Meet the Team - Matt Podolsky
Matt Podolsky handling a California condor in 2008.
I’m Matt Podolsky, one of the co-founders of Wild Commons - a nature documentary distribution platform built for independent filmmakers. I’ve been producing documentary films for the past 18 years, starting when I lived in Arizona and was working as a California condor field biologist. My first film, Scavenger Hunt, was focused on California condors, and took me four years to complete. As I was nearing the end of work on this project, I founded Wild Lens, the non-profit production company that I’ve been running ever since.

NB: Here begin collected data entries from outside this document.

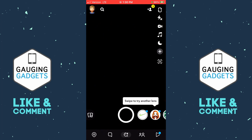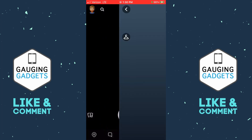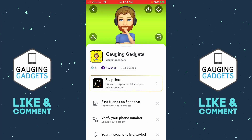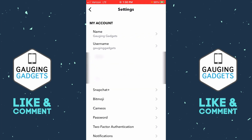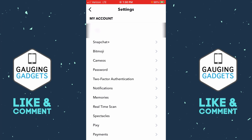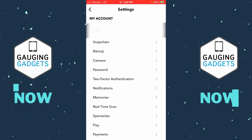To get started, simply open up the Snapchat app on your iPhone or Android phone, then select your profile icon in the top left of the app. This will open up your profile, and from here select the gear icon in the top right to open the settings.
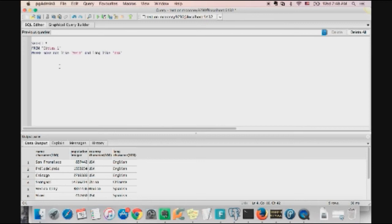Okay, so that's how you perform a like statement and a not like statement in SQL. If you have any questions, feel free to leave a comment. And I hope this is helpful to all of you. Thanks.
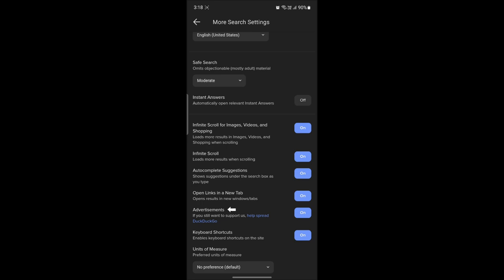Right now you can see the advertisements has currently been turned on, but if you want to turn it off you can do that as well. Just go here and click on this, wait for a while and advertisements will now be turned off.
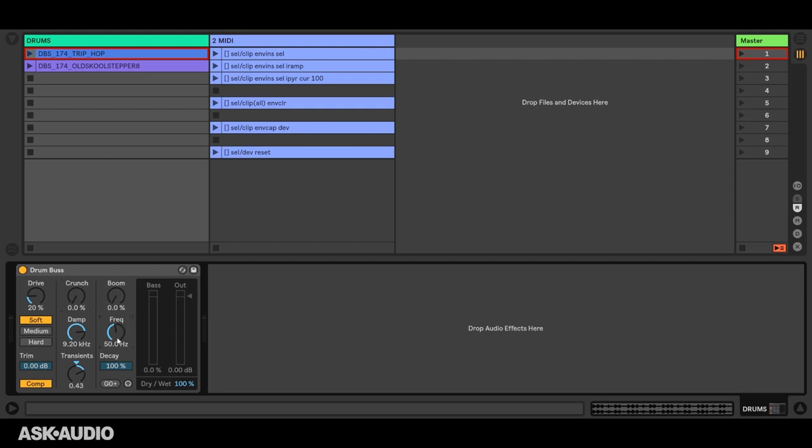Now one thing to note here is that the selected parameter is affected by your mouse. Right now frequency is selected here, but if I go up here and launch this X clip with my mouse, frequency becomes deselected. So when you're applying actions to the selected parameter, you don't want to use your mouse.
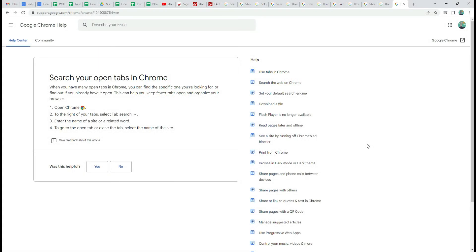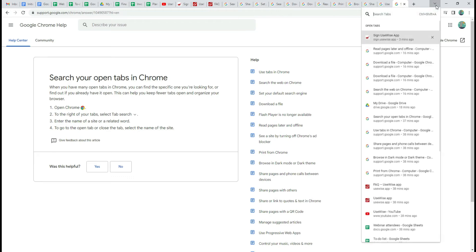If you have multiple tabs opened in Google Chrome, you can use the Chrome search option to easily find the specific tab. When in Chrome, click on the down arrow in the upper right corner.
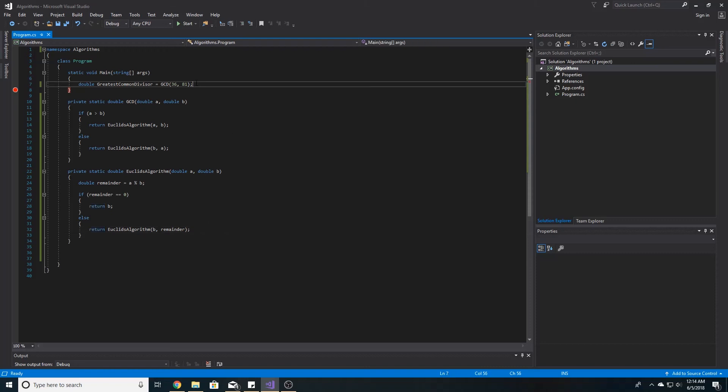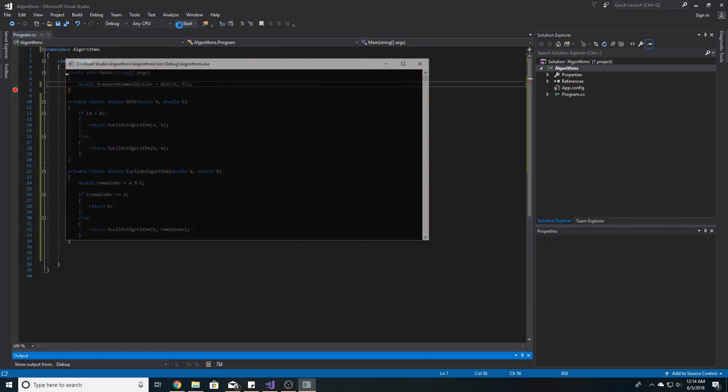So let's test it out. Let's take the GCD of 36 and 81. Let's run our application.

In the years since 2011, when Wild Lens was incorporated, I’ve been involved in the production of numerous film projects, which span from ultra low budget short docs, to multi-million dollar feature film productions. My low budget short film, Bluebird Man, received a national PBS broadcast and won numerous awards during its festival run. This was the project that put me on the map as a filmmaker, and led to my involvement in Sea of Shadows, a feature length film about the vaquita porpoise - world’s most endangered marine mammal. Sea of Shadows won the audience award at Sundance in 2019 and was picked up for distribution by National Geographic.
The Sea of Shadows cast and crew on stage for our Sundance premiere. Matt is center right holding a the large vaquita cut-out.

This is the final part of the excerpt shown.